I am having many different 6By6 matrices. Each matrix contains different values. Those values represent how the layout will be divided. Each matrix should have consistent rectangles as follows (There should be continous rectangles, the colors represent the separate consistent rectangles):

So my problem, is how to detect successfully those boxes (rectangles). I want as output a list of arrays.
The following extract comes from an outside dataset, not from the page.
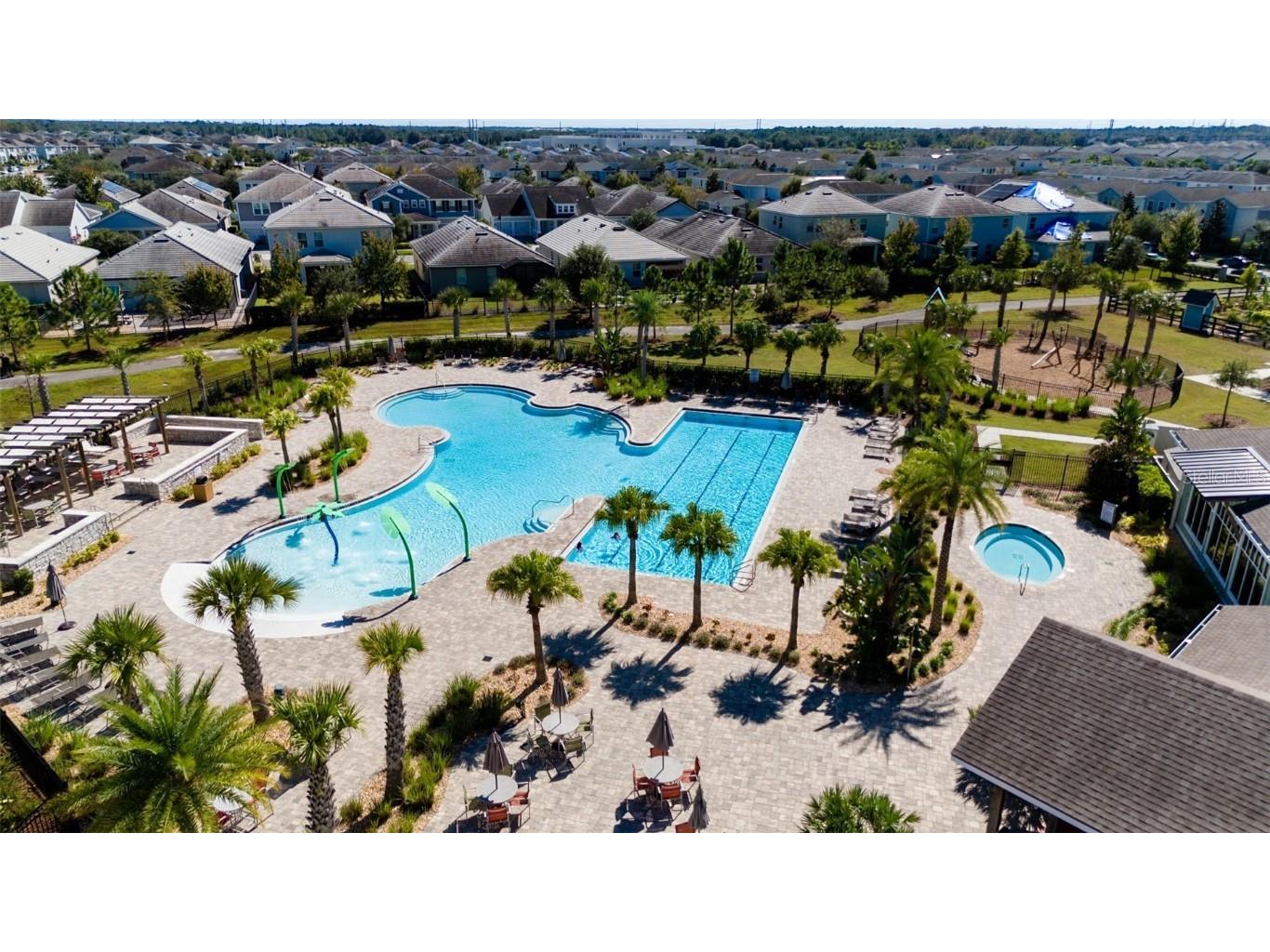 11811 Pulitzer Place Orlando FL 32832 O6359299 image38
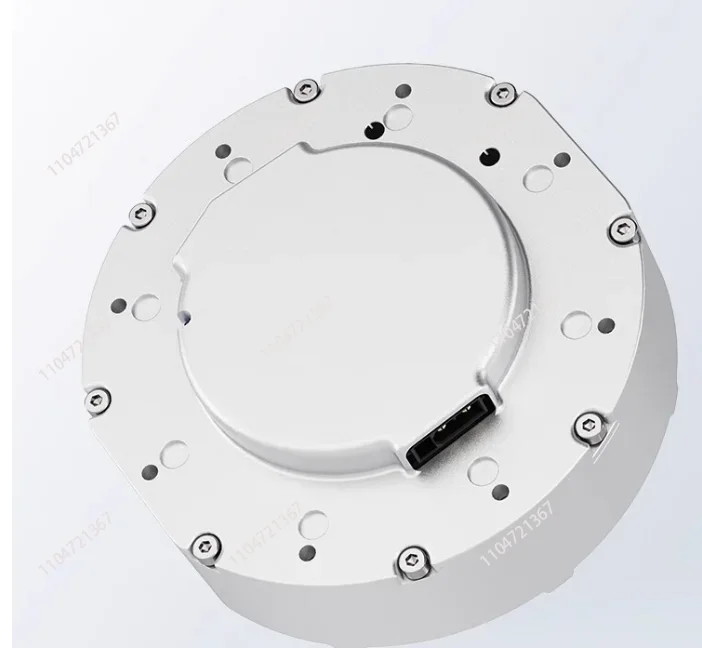 Motor M8010-6 Joint Motor High Torque Bionic Robot Joint Motor Flexible Adaptive Joint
Each array should refer to ith index, the j th index and the value of that rectangles.

For example, I have as input this matrix [[35. 11. 11. 11. 11. 0.],[10. 10. 10. 10. 10. 0.],[ 10. 10. 10. 10. 10. 0.],[ 34. 34. 34. 34. 34. 0.],[ 34. 34. 34. 34. 34. 0.],[ 0. 0. 0. 0. 0. 0.]]

So I want as output [[0,0,35],[0,4,11],[1,4,10],[2,4,10],[3,4,34],[4,4,34],[0,0,0],[1,0,0],[5,5,0]]

My trial for detecting the rectangles is in this code:

#Detect the rectangles in the matrices
def detect_rectangle(T):
i = 0
j = 0
elem = T[0,0]
rectanglesList = []
n,m = T.shape
while (i < n) and (j<m):
    #print('i,j, elem',i,j,elem)      
    if (i == n-1 and j == m-1): # if we reached the end of the matrix
        rectanglesList.append([i,j,elem])
        break;
    if (j == m-1): #in case we reached the end of columns, we reeinitialize the columns
        if (i != n -1):
            i += 1
            elem = T[i,j]
        else:
            rectanglesList.append([i,j,T[i,j]])
            j = 0
            break;
    elif T[i,j] == T[i,j+1]: #in case the element in the next column is equal, continue and check further, store it as elem
        j +=1
        elem = T[i,j]
    elif T[i,j] != T[i,j+1] :
        rectanglesList.append([i,j,T[i,j]])
        j += 1
        elem = T[i,j]
    if (i == n-1): #in case we reached the end of rows
        if j != n -1 :
            j += 1
            elem = T[i,j]
        else:
            rectanglesList.append([i,j,elem])
            i = 0
            break
    else:
        if (T[i,j] == T[i+1,j]) and (elem == T[i,j]): #in case the element in the next row is equal
            i += 1
        elif (T[i,j] == T[i+1,j]) and (elem != T[i,j]): #in case the element in the next row is equal
            elem = T[i,j]
            i+= 1
        elif ((T[i,j] != T[i+1,j] and elem == T[i,j])): #in case it is not equal to neither the element in the next row nor the element in the next column
            rectanglesList.append([i,j,elem])
            #j +=1
            elem = T[i,j]
        elif T[i,j] != T[i+1,j] :
            i += 1
            elem = T[i,j]


return rectanglesList

So the code that I wrote is detecting the rectangles but in more separate way. I always have as output arrays that refer to a value that has just one row and one column as indexes.

Answer 1

I think this should work:

x=np.array([[35,11,11,11,11,0],[10,10,10,10,10,0],
            [10,10,10,10,10,0],[34,34,34,34,34,0],
            [34,34,34,34,34,0], [0,0,12,12,12,0]])
outputs=[]
for i, row in enumerate(x):
    last_ele=row[0]
    for j, val in enumerate(row[1:]):
        if val == last_ele:
            continue
        outputs.append([i,j, last_ele])
        last_ele=val
    outputs.append([i,len(row)-1, last_ele])
print(outputs)

# [[0, 0, 35], [0, 4, 11], [0, 5, 0], [1, 4, 10], 
#  [1, 5, 0], [2, 4, 10], [2, 5, 0], [3, 4, 34], 
#  [3, 5, 0], [4, 4, 34], [4, 5, 0], [5, 1, 0],
#  [5, 4, 12], [5, 5, 0]]

We simply iterate once over the rows and and check if the preceding element is the same as the current. If it is not, then we add the last seen element to our output list along with the row and column index.